Was passierten wird, hängt natürlich stark von den Intentionen der USA ab. Es ist offensichtlich, dass die Regierung Bush den irakischen Regimechef Saddam Hussein im Visier hat. Unklar ist aber, wie sie mit den Auswirkungen eines Irakkrieges auf den Erdölmarkt und die Wirtschaft umgehen will. Das hier sind mögliche Szenarien:

Eine pro-amerikanische Irak-Regierung kommt an die Macht. Sie sorgt für die Stabilität und Einheit des Landes, öffnet den Irak für westliche Unternehmen und steigert die Erdölförderung. Die Irak-Regierung steigert die Erdölfördermenge - zunächst wahrscheinlich auf die frühere Rekordmenge von 3,5 Millionen Barrel (ein Barrel sind 159 Liter) pro Tag und mittelfristig unter Umständen auf 6 Millionen Barrel pro Tag. Zu gut um wahr zu sein? Wahrscheinlich, weil ein zu schnelles Wachstum zu einem Überangebot an Öl und zu Preiskriegen führen könnte.
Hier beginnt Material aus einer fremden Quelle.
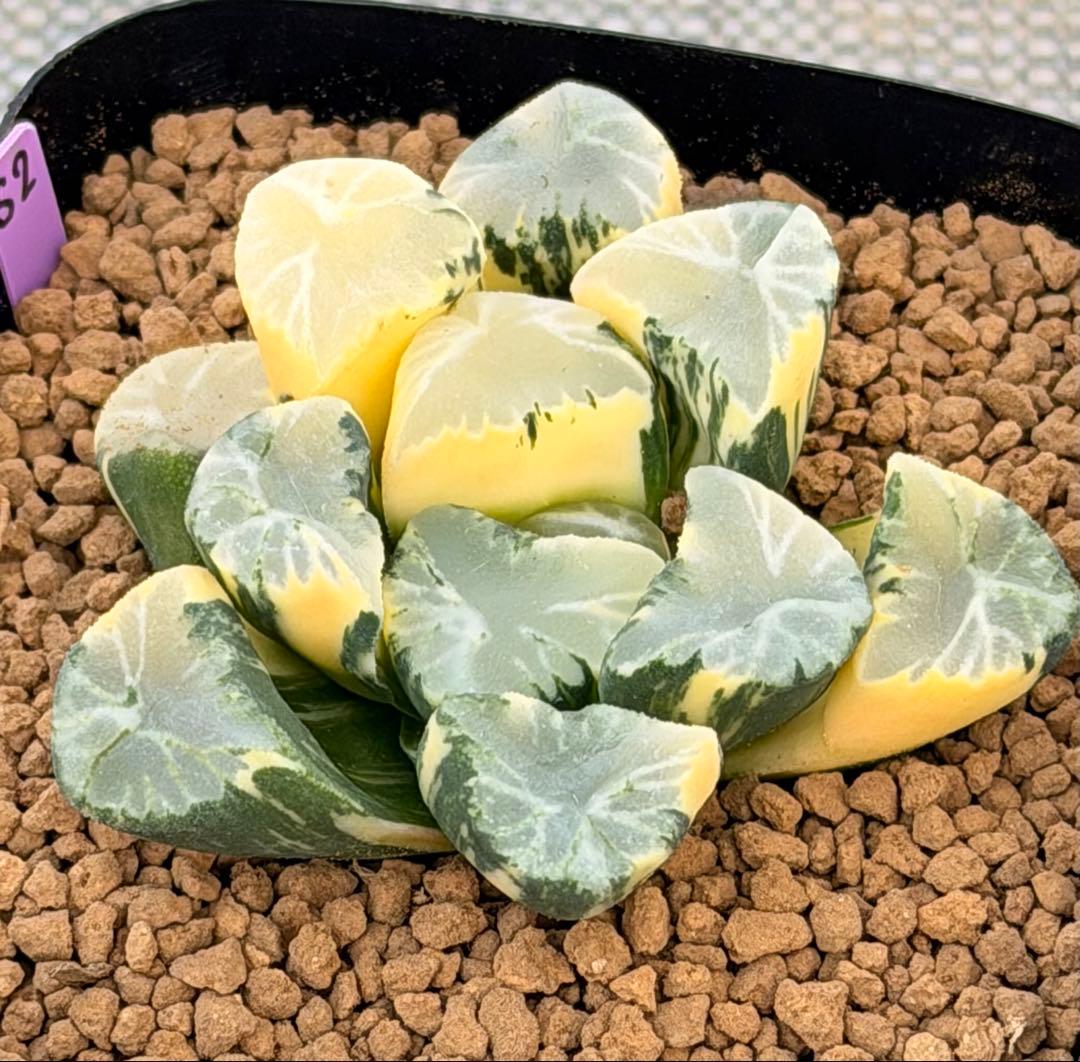 ハオルチア　万象錦　覇王　極上斑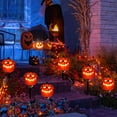 Outdoor Jack O Lanternnull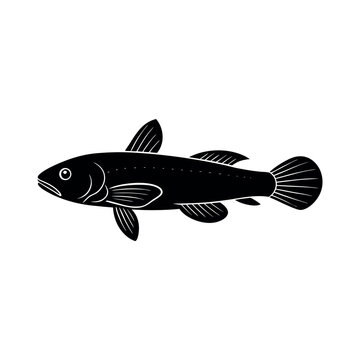 cavefish vector silhouette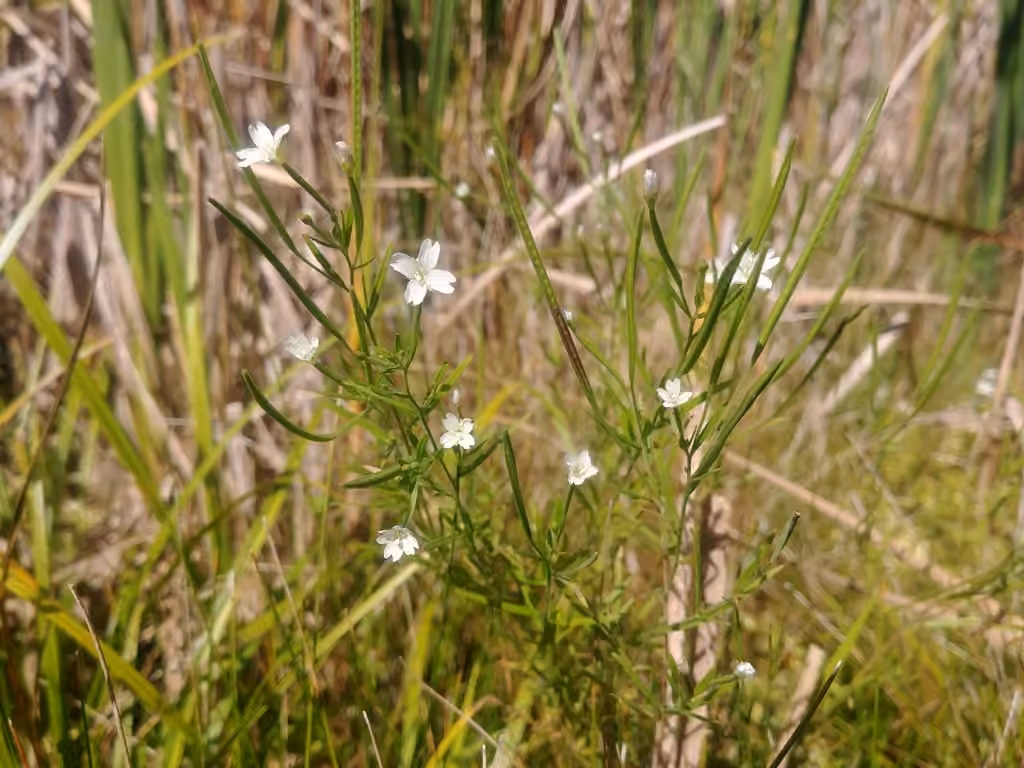 Bog willowherb, In fruit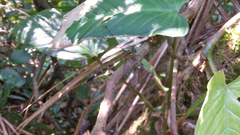 Epigomphus tumefactus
Im Irak macht sich politisches Chaos breit, die Regierungschefs folgen einer auf den anderen. Damit würden sich ausländische Investoren fernhalten. Die Erdölfördermenge würde entweder auf dem gleichem Niveau bleiben oder sogar sinken.

Die militärische Intervention der USA destabilisiert das politische Gleichgewicht im gesamten Mittleren Osten und gefährdet die regelmäßige Erdölausfuhr.

Einige Experten glauben sogar, die Bush-Regierung habe mehr vor, als SaddamHussein zu entmachten. „Wenn es ihnen gelingt, werden sich die USA eine militärische und politische Basis im Zentrum des Mittleren Ostens errichten", sagt Robert Mabro, der Direktor des Oxford Institute of Energy Studies. Vom Irak aus könne die USA „mehr Einfluss" auf die Erdöl exportierenden Golfstaaten sowie Syrien und Jordanien ausüben, sagt er. Mabro verweist auf die Militärpräsenz in Afghanistan und anderen zentralasiatischen Ländern.

Selbst wenn das den USA gelänge, würde Saudi-Arabien aber weiter eine einzigartige Rolle auf dem Erdölmarkt spielen. Das Land verfügt über 25 Prozent der weltweiten nachgewiesenen Erdölreserven. Saudi-Arabien erhält mit beträchtlichem Kostenaufwand Kapazitäten für die Förderung von zwei Millionen bis drei Millionen Barrel aufrecht - für den Fall, dass es irgendwo zu Förderausfällen kommt. Damit ist das Land das weltweite Sicherheitsnetz in Sachen Erdöl. Doch eine steigende Erdölförderung im Irak könnte diese Kräfteverteilung etwas verändern. „In 20 Jahren könnten Irak und Iran wichtigere Verbündete als Saudi-Arabien sein“, sagt Patrick Clawson, Vize-Direktor des renommierten Washingtoner Instituts für Nahost-Politik.